In order to perform a classical binary search, we need to have a strictly increasing or decreasing series. Here, the rotate array can be seen as two increasing arrays. We need to determine which half we should perform the operations on. Thus, we compare the `mid` element with the first element in the array to see which half the `mid` element is on currently.

#### I. The `mid` element is on the left half

The reason is that if the `mid` element is larger than the first element, by the construction of the rotated array, we know that the `mid` element is on the left half now. After this first check, we try to see where `target` is. We compare if the `target` is on the same half (left half) as the mid element. This comparison is simple checking if `target` is in between `A[left]` and `A[mid]`.

1. If `target` and the `mid` element are on the same half (`target` is on the left half), we can discard the right half of the array.
2. If they are on different halves (`target` is on the right half), we can discard the left half.

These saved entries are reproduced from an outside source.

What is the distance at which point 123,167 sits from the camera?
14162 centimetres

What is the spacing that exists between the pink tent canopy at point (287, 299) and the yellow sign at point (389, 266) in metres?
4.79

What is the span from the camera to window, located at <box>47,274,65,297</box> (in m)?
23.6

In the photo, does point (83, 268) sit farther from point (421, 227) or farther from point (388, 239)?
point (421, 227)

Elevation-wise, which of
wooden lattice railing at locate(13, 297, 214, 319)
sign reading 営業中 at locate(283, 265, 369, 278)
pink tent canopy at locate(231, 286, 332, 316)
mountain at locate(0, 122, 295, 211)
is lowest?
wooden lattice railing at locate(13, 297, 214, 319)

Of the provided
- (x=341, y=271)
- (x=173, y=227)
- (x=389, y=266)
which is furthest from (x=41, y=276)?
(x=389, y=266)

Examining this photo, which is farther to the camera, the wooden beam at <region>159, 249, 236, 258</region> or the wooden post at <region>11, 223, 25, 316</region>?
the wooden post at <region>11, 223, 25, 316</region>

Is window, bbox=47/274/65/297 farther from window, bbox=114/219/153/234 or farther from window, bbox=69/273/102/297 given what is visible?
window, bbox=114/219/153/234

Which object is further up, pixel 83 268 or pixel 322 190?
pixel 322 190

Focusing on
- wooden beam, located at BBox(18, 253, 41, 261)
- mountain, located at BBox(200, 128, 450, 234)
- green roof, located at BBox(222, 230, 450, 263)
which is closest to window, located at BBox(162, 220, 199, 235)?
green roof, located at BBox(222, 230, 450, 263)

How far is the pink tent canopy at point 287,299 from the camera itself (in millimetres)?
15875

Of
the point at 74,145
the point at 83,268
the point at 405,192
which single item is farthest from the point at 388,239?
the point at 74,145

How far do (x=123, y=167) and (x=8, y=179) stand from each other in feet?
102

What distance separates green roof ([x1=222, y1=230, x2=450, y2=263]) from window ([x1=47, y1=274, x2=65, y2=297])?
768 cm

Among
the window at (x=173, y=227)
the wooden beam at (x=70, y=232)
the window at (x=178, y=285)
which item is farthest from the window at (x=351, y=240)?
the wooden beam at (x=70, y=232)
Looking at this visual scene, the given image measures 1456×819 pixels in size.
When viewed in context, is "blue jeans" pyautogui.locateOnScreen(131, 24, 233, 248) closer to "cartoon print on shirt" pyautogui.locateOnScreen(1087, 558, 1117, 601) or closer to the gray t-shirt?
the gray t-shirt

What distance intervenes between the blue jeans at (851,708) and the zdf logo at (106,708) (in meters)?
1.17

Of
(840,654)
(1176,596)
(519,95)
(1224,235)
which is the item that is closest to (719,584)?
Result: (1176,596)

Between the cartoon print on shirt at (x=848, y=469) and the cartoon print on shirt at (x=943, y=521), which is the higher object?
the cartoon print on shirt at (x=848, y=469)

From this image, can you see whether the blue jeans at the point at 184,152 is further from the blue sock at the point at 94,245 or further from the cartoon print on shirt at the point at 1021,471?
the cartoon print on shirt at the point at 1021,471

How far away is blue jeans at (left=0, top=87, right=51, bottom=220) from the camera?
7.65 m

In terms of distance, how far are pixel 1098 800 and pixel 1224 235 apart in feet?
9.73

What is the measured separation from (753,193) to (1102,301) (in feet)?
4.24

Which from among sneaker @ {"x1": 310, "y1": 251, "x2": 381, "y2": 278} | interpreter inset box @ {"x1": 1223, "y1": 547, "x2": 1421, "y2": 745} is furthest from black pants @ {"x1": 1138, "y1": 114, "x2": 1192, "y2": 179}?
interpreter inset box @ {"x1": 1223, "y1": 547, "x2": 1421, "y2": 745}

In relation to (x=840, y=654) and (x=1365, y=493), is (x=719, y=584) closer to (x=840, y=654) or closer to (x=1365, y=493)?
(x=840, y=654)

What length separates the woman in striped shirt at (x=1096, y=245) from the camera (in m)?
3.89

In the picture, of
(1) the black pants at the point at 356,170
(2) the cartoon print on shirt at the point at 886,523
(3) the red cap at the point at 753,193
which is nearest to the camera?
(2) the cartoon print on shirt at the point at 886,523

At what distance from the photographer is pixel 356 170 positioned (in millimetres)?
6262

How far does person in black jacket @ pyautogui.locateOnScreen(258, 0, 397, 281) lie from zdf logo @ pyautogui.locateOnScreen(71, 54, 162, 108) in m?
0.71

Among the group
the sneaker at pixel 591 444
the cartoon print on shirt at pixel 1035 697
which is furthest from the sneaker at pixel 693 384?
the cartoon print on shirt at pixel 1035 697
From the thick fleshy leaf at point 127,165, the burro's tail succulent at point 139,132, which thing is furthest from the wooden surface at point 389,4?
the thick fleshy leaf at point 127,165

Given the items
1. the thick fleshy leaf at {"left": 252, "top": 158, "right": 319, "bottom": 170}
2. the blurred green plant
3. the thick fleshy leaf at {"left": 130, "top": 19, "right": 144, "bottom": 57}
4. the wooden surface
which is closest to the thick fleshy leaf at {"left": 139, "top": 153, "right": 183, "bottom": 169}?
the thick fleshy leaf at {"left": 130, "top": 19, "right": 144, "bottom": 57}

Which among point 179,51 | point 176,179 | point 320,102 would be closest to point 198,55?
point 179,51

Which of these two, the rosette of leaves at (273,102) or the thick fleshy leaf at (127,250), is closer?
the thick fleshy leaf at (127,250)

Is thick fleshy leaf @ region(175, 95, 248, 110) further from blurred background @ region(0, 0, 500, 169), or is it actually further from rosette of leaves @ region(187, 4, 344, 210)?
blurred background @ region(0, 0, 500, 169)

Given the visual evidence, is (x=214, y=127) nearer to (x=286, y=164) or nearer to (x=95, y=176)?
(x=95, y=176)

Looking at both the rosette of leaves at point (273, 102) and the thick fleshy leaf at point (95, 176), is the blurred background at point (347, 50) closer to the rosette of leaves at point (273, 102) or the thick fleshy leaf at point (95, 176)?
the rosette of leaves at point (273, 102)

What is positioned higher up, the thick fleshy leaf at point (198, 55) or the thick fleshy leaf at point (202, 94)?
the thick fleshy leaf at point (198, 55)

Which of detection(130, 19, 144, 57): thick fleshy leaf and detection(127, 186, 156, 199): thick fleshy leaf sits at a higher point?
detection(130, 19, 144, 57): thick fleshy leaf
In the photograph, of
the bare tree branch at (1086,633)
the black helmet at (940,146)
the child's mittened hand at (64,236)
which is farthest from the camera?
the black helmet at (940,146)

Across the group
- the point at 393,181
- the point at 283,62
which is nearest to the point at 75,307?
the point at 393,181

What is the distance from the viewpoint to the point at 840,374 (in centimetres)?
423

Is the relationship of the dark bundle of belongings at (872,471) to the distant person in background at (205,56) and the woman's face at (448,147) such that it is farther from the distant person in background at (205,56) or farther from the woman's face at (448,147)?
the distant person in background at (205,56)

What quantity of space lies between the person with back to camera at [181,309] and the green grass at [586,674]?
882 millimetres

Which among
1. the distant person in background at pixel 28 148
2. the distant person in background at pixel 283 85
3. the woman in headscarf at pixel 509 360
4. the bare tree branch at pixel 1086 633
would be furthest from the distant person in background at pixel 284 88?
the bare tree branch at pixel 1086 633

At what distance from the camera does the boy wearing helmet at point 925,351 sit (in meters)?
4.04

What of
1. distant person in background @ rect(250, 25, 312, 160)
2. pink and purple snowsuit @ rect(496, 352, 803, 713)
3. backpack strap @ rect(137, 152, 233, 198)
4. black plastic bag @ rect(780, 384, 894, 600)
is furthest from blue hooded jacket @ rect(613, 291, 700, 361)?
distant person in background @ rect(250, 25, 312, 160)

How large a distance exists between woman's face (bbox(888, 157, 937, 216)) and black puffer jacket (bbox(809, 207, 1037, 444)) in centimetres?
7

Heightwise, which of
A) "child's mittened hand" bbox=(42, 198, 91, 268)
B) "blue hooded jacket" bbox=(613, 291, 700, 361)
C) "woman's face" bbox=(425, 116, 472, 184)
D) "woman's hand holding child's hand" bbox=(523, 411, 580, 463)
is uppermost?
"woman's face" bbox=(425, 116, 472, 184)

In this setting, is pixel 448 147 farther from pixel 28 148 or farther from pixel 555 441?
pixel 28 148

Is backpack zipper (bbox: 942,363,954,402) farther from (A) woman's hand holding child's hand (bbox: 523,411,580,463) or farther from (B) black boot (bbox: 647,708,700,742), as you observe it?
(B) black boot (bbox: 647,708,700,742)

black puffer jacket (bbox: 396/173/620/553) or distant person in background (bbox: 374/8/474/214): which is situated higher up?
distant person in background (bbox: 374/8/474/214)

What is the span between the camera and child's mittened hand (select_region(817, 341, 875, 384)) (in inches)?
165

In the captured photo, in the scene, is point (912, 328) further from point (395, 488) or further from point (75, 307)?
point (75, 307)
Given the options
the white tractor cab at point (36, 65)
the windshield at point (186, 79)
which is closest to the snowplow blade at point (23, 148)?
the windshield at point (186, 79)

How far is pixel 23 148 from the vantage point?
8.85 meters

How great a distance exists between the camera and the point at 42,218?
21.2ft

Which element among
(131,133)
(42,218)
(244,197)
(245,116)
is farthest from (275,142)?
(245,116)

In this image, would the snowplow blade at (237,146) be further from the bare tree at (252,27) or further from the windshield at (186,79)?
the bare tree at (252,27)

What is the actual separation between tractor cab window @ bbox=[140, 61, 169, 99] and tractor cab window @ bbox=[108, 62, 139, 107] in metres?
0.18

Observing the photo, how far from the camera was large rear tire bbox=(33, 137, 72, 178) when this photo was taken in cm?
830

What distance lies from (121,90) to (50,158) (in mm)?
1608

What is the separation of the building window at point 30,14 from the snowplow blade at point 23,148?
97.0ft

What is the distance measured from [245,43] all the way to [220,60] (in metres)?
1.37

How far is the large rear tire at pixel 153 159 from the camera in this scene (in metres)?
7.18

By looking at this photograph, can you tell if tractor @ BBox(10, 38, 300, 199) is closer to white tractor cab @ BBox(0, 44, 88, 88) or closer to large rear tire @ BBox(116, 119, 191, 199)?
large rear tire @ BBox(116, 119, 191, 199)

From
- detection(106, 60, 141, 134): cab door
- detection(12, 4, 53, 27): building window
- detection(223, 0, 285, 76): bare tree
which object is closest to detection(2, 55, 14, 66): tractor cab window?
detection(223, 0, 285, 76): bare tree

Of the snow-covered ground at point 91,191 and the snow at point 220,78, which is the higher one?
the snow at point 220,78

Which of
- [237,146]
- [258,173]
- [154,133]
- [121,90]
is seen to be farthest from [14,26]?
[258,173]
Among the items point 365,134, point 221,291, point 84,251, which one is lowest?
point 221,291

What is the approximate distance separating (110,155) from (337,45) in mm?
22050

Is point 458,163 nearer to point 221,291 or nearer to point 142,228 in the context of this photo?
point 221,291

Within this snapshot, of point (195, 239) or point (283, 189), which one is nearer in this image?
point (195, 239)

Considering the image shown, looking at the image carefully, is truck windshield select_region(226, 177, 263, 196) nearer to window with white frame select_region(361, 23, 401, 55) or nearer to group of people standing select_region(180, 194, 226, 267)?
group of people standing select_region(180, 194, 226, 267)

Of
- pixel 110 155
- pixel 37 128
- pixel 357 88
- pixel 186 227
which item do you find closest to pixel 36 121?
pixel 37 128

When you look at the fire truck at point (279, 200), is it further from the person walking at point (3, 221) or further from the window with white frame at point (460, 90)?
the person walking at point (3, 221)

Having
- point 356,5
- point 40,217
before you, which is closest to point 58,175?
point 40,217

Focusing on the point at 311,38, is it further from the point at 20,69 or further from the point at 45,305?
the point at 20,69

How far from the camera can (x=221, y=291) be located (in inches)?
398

#### II. The `mid` element is on the right half

If the `mid` element is smaller than the first element, then it is on the right half. Similarly, we try to see where `target` is. If `target` is in between `A[mid]` and `A[right]`, then `target` is on the same half as the `mid` element (right half).&#x20;

1. If `target` and the `mid` element are on the same half (`target` is on the right half), we can discard the left half of the array.
2. If they are on different halves (`target` is on the left half), we can discard the right half.

### Example

{% tabs %}
{% tab title="Example 1" %}
`[4, 5, 6, 7, 0, 1, 2]` and `target = 5`

| left | right | mid | New Range      |
| ---- | ----- | --- | -------------- |
| 4    | 2     | 7   | `[4, 5, 6, 7]` |
| 4    | 7     | 5   | `[4, 5]`       |

Case I. 1.: The `mid` element and `target` are both on the left side. Loop terminates, the index of 5 is returned.
{% endtab %}

{% tab title="Example 2" %}
`[4, 5, 6, 7, 0, 1, 2]` and `target = 2`

| left | right | mid | New Range      |
| ---- | ----- | --- | -------------- |
| 4    | 2     | 7   | `[7, 0, 1, 2]` |
| 7    | 2     | 0   | `[0, 1, 2]`    |
| 0    | 2     | 1   | `[1, 2]`       |

Case I. 2. and Case II. 1.: To start with, the `mid` element and `target` are on different sides (`mid` is on the left, `target` is on the right). Then, after iteration 1, the `mid` element and `target` are on the same side.&#x20;

Loop terminates, the index of 2 is returned.
{% endtab %}

{% tab title="Example 3" %}
`[6, 7, 0, 1, 2, 3, 4, 5]` and `target = 6`

| left | right | mid | New Range      |
| ---- | ----- | --- | -------------- |
| 6    | 5     | 1   | `[6, 7, 0, 1]` |
| 6    | 1     | 7   | `[6, 7]`       |

Case II. 2. and Case I. 1.: To start with, the `mid` element and `target` are on different sides (`mid` is on the right, `target` is on the left). Then, after iteration 1, the `mid` element and `target` are on the same side.&#x20;

Loop terminates, the index of 6 is returned.
{% endtab %}

{% tab title="Example 4" %}
`[0, 1, 2, 3, 4, 5]` and `target = 4`

| left | right | mid | New Range              |
| ---- | ----- | --- | ---------------------- |
| 0    | 5     | 2   | `[2, 3, 4, 5]`         |
| 2    | 5     | 3   | `[3, 4, 5]`            |
| 3    | 5     | 4   | 4 immediately returned |

The algorithm works for non-rotated arrays as well. This can also be seen in previous examples.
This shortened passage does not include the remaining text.